Processions give us a glimpse into the manifold ways in which early Christians performed their Christianity, through the position, and movement of bodies, and everything else that involved…

This morning the town of Freeport celebrated the 248th year of American independence in typical fashion: with a parade.

Now, you might be thinking: “He’s about to write on patriotism, nationalism, and Christianity, here we go…”

Actually, no, not today! Although that is a vital topic to consider… No, rather than focusing on the cause of such celebration, I would like to focus on the celebration itself: the parade.

Believe it or not, Christians have participated in parades – or processions­– for almost 1700 years.

Processions can be defined quite simply as “groups of people moving in formal arrangements along a particular route in the landscape.”

Scholar of religion David Frankfurter writes, “Indeed, we may say that processions provided the principal means of Christianizing a landscape—integrating topography with legend, ideology, and some kind of collective Christian identity. Through processions and their routes, participants learned what sites were focal and which marginalized, what songs or prayers or legends corresponded to which stages along a route.”

Another scholar writes, “Processions may be studied from a ‘bird's eye view,’ mapping the route and locating the stops along the way.” However, this approach limits one’s perspective to “an aerial vantage point, distant from the walkers themselves.”
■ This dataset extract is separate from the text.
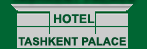 Гостиница Tashkent Palace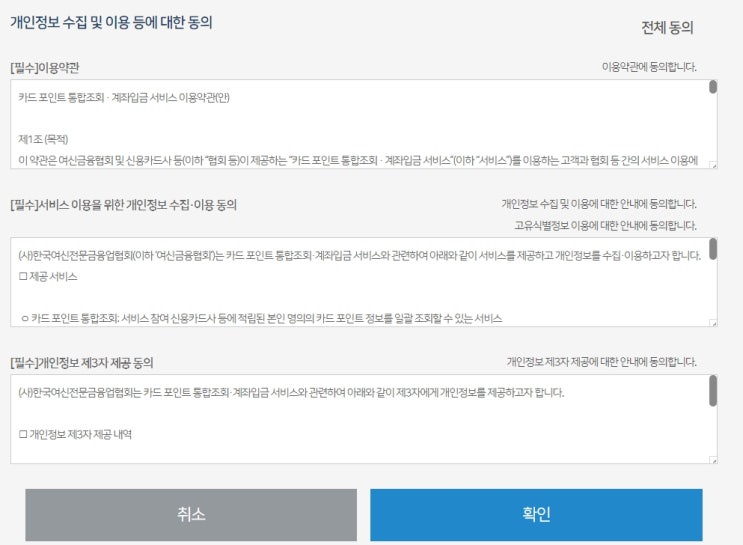  한 번 조회로 흩어진 카드 포인트 현금 출금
“By contrast a walkers’ view considers processions closer to ground level—how it feels to walk on uneven stone, sense the perfumes, sounds, and movement of processants.”

After Christianity was legalized, church leaders and local populations came up with all sort of reasons to hold processions! These “Christian parades” thus animated life in ancient cities and in the countryside.

“Each gathering had its own costumes, participants, topography, and ceremonies performed at various stops,” writes Georgia Frank. Onlookers, even from a distance, recognized such spectacles by their “sounds, smells, attire, and the animals and objects that were pulled or carried.”

Frank focuses on portabilia, the objects processants would wear or carry during such parades, but given our town’s celebration on Thursday, I am interested in the procession form itself.

What compels human beings to band together wearing distinct clothing, holding certain objects, and moving through a landscape or built environment in an orderly fashion? And what about this is so appealing to humans that they do it again and again and again (multiple times a year considering my town’s different parades)?

My hypothesis? Parades or processions, especially those of the late antique Mediterranean world, engage persons in their full humanity: sights, sounds, smells, emotions, memories, dispositions, and the surrounding environment all converge to produce a profoundly holistic human experience.

“Processions packed the streets in antiquity. Groups moved in formation, halting at designated spots and filling the city with music, bellowing animals, colorful fabrics, flower garlands, and incense boxes, as shouts and acclamations resounded.”

The physicality of such processions stands out: “Breathing in the fragrant blossoms, the perfumes, and incense, processants caried objects in their hands, on their shoulders or heads, or on wheels. In addition to touching or clasping an object, the processant might feel their own balance and gait affected by the weight and bulk of the object, sense its heat in the Mediterranean sun, or catch a streetlamp’s reflection after dark.”

Why am I telling you this? Well, for many in the modern West, Christianity has to do only with the mind and the soul, not the body. Sure, Christian texts have loads to say about the body –what to do with it, (more often) what not to do with it– but we’re still operating in the realm of information, knowledge, and moral decision-making.

For Christians of the first six centuries, however, religious activity was, well… embodied.

Standing with raised hands, kneeling with foreheads to the earth, swaying to the sounds of stringed instruments or throaty voices, early Christians performed their religion not only in their minds, but in their bodies too.

Processions give us a glimpse then into the manifold ways in which early Christians performed their Christianity, through the position, and movement of bodies, and everything else that involved…

Bodies sensed other bodies via all five senses; objects carried or worn as processants traversed meaningful landscapes; emotions welled up in the soul as memories were triggered and released. Such rituals “charged” ancient Christians with an intense, holistic experience of God.

A modern analogue to this experience is the Christian service of worship.

So often, Sunday morning services are designed with two things in view: the heart and the mind. So much of the human being is missed, however, when we fail to consider the body and its relation to objects and space.

Feeling the wood of the church door, sliding and slouching into the oaken pew, smelling the faint incense or candle wax burning at the altar (or perhaps even the stale coffee from last week!): these are elements of a Sunday morning experience, which I believe can be moments of divine encounter.

In sum, I am not trying to convince you to integrate processions into your regular Christian experience! (Although if you feel led, more power to you!)

My aim, rather, is to lead you to take the body seriously when it comes to Christian worship. Sway with the music, sense the wood of the old pews, gaze at the candle flames a little longer than you normally would. Let God engage you as a fully embodied creature, beyond just the sermon, beyond just the songs.

To be an embodied Christian is to join the thousands who came before us who experienced God in precisely this way. Let us join this ancient procession, which has been active for hundreds upon hundreds of years.

We don’t have bodies, we are bodies. Let God meet you there.